To check that CRISPRFinder was efficient in recovering all the CRISPRs from a genome, we compared the results to other available studies on CRISPRs (15,20). The data were generally in good agreement, the differences being always in the DR boundaries’ identification (more accurate with CRISPRFinder) or in the number of motifs found, as the truncated DR is sometimes neglected or short clusters are not detected with other programs. Interestingly, some strains were claimed to be devoid of CRISPRs by Godde and colleagues but proved to have short CRISPRs with CRISPRFinder, such as in different Shigella sp. (S. sonnei Ss046, S. flexneri 2a str. 301, S. flexneri 2a str), or even long CRISPRs such as in Pseudomonas aeruginosa UCBPP-PA14. The latter example is shown on the CRISPRfinder website (sample2), and as can be seen by using the BLAST spacer function, six spacers out of thirty six at two different CRISPR loci, correspond to a bacteriophage sequence (bacteriophages F116, B3, D3112, DMS3 and phi CTX).

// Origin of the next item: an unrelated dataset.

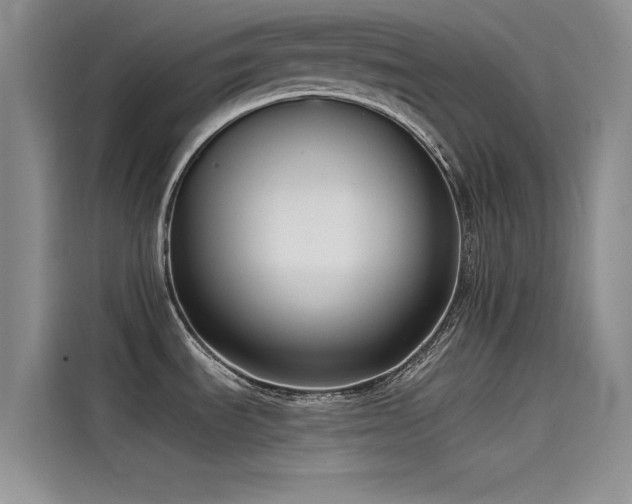 X0000115231535200911061117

The tools developed here will assist in future CRISPRs’ analysis. Furthermore, the possibility to identify CRISPRs containing one or two motifs may help understand how new CRISPRs are created. The very small candidates will need to be typed across different isolates within the same species or very closely related species to search for variations. For instance, as shown with the sample file provided on the website (YP1 Yersinia), five Yersinia pestis strains possess at the same CRISPR locus two to eight spacers, some being unique and others shared by two or more strains (10). This strain-dependent polymorphism is especially interesting for epidemiological and phylogenetic studies (30,31). A tool to easily create a dictionary of spacers from different strains is proposed in a CRISPR-dedicated web database (http://crispr.u-psud.fr/crispr/).

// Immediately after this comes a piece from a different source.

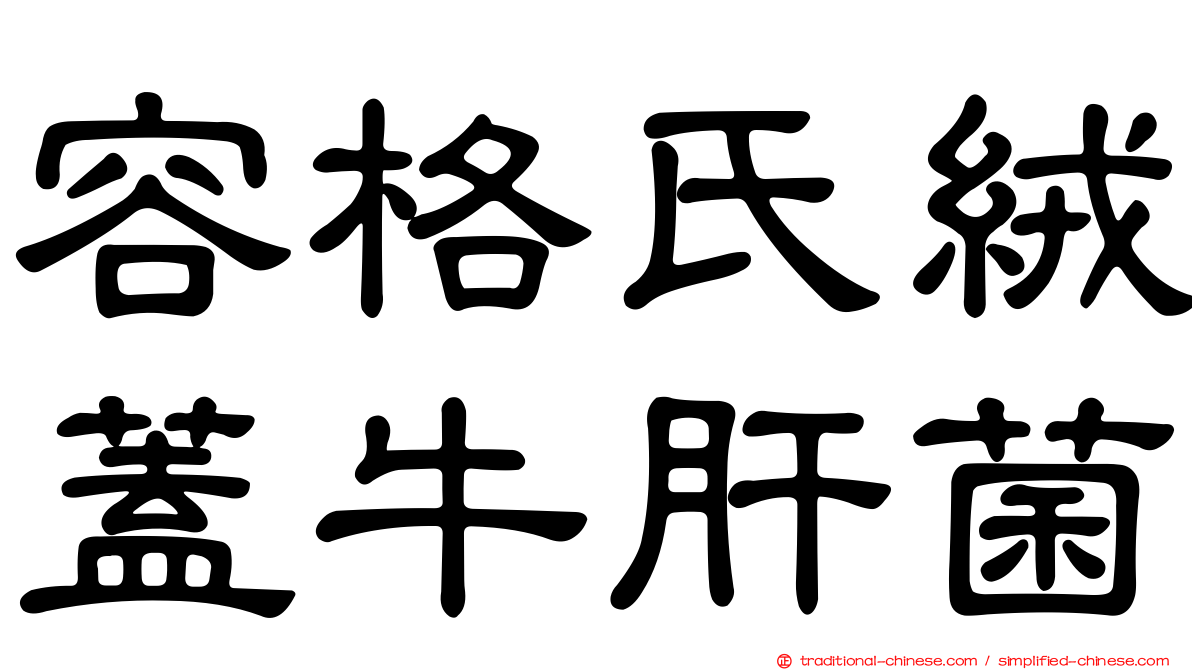 容格氏絨蓋牛肝菌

The CRISPRFinder web server is an interface to extract with precision and to further analyse CRISPRs from genomic sequences. Four main advantages may be cited: (i) short CRISPR-like structures are detected, they are labelled questionable but may be of great interest if later confirmed; (ii) DRs are accurately defined to single base pair resolution; (iii) summary files may be uploaded (CRISPR properties summary and spacers file in Fasta format) and (iv) flanking sequences or spacers can be easily extracted and blasted against different databases.

SUPPLEMENTARY DATA

Supplementary Data are available at NAR Online.

ACKNOWLEDGEMENTS

The CNRS and Université Paris Sud 11 have funded this project. Work on the development of genotyping tools for bacterial pathogens is supported by the Délégation Générale pour l’Armement (DGA). Funding to pay the Open Access publication charges for this article was provided by ADGE.

Conflict of interest statement. None declared.